Re: [LSF/MM/BPF TOPIC] Swap Abstraction / Native Zswap

"Huang, Ying" <ying.huang@xxxxxxxxx> · Tue, 04 Apr 2023 16:24:58 +0800

Chris Li <chrisl@xxxxxxxxxx> writes:

> On Tue, Mar 28, 2023 at 06:41:54PM -0700, Yosry Ahmed wrote:
>> My main concern here would be having two separate swap counting
>> implementations -- although it might not be the end of the world. It
>> would be useful to consider all the options. So far, I think we have
>
> Agree.
>
>> been discussing 3 alternatives:
>> 
>> (a) The initial swap_desc proposal.
>> (b) Add an optional indirection layer that can move swap entries
>> between swap devices and add a virtual swap device for zswap in the
>> kernel.
>
> For the completeness sake let me add some option that have both pros
> and cons.
>
> (d) There is the google's ghost swap file. I understand it mean a bit
> ABI change. It has the advantange that it allow more than one
> zswap swapfile. Google use it that way. Another consideration is
> that ghost swap file compatible with exisiting swapon behavior.
> You can see how much swap entry was used from swapon summary.
> Some application might depend on that.
>
> We might able to find some way to break ABI less. 
>
>> (c) Add an optional indirection layer that can move entries between
>> different swap backends. Swap backends would be zswap & swap devices
>> for now. Zswap needs to implement swap entry management, swap
>> counting, etc.
> (f) I have been thinking of variants of (b) without adding a virtual
> swap device for zswap, using the ghost swap file instead.
>
> Also the indirection is optional per swap entry at run time.
> Some swap devices can have some entries move to another swap device.
> Only those swap entries pay the price of the indirection layer.
>
> (e) This is the long term goal I have in mind. A VFS like
> implementation for swap file. Let's call it VSW.
> This allows different swap devices using different
> swap file system implementations.

I like this too!

> A lot of the difficult trade off we have right now:
> Smaller per entry up front allocate like swap_map[] for all
> entry vs only allocating memory for swap entry that has been
> swap out, but a larger per entry allocation.

Yes.

> I believe some of those trade offs can be addressed by having a
> different swap file system. I do mean a different "mkswap"
> that kind of file system.

We may don't need that, because the swap on-disk format needn't to be
permanent across rebooting.

> We can write out some of the swap
> entry meta data to the swap file system as well. It means
> we don't have to pay the larger per swap entry allocation overhead
> for very cold pages. it might need to take two reads to swap
> in some of the very cold swap entries. But that should be rare.
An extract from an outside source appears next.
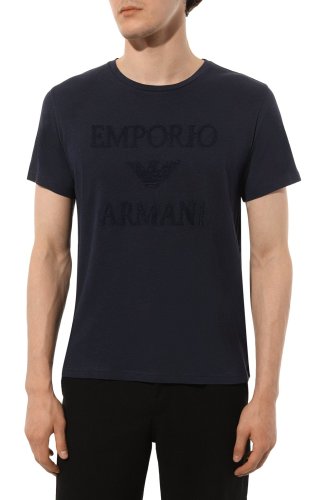 EMPORIO ARMANI футболка мужская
Sound like a good idea.  At least can be investigated further.

> It can offer benefits for swapping out larger folio as well.
> Right now swapping out large folios still needs to go through
> the per 4k page swap index allocation and break down.
>
> Basically, modernized the swap file system.
>
> The redirection layer should be able to implement within VSW
> as well.
>
> I know that is a very ambitious plan :-)

Yes.

> We can do that incrementally. The swap file system doesn't have
> much backward compatibility cross reboot, should be easier than
> the normal file system.

Agree.

Best Regards,
Huang, Ying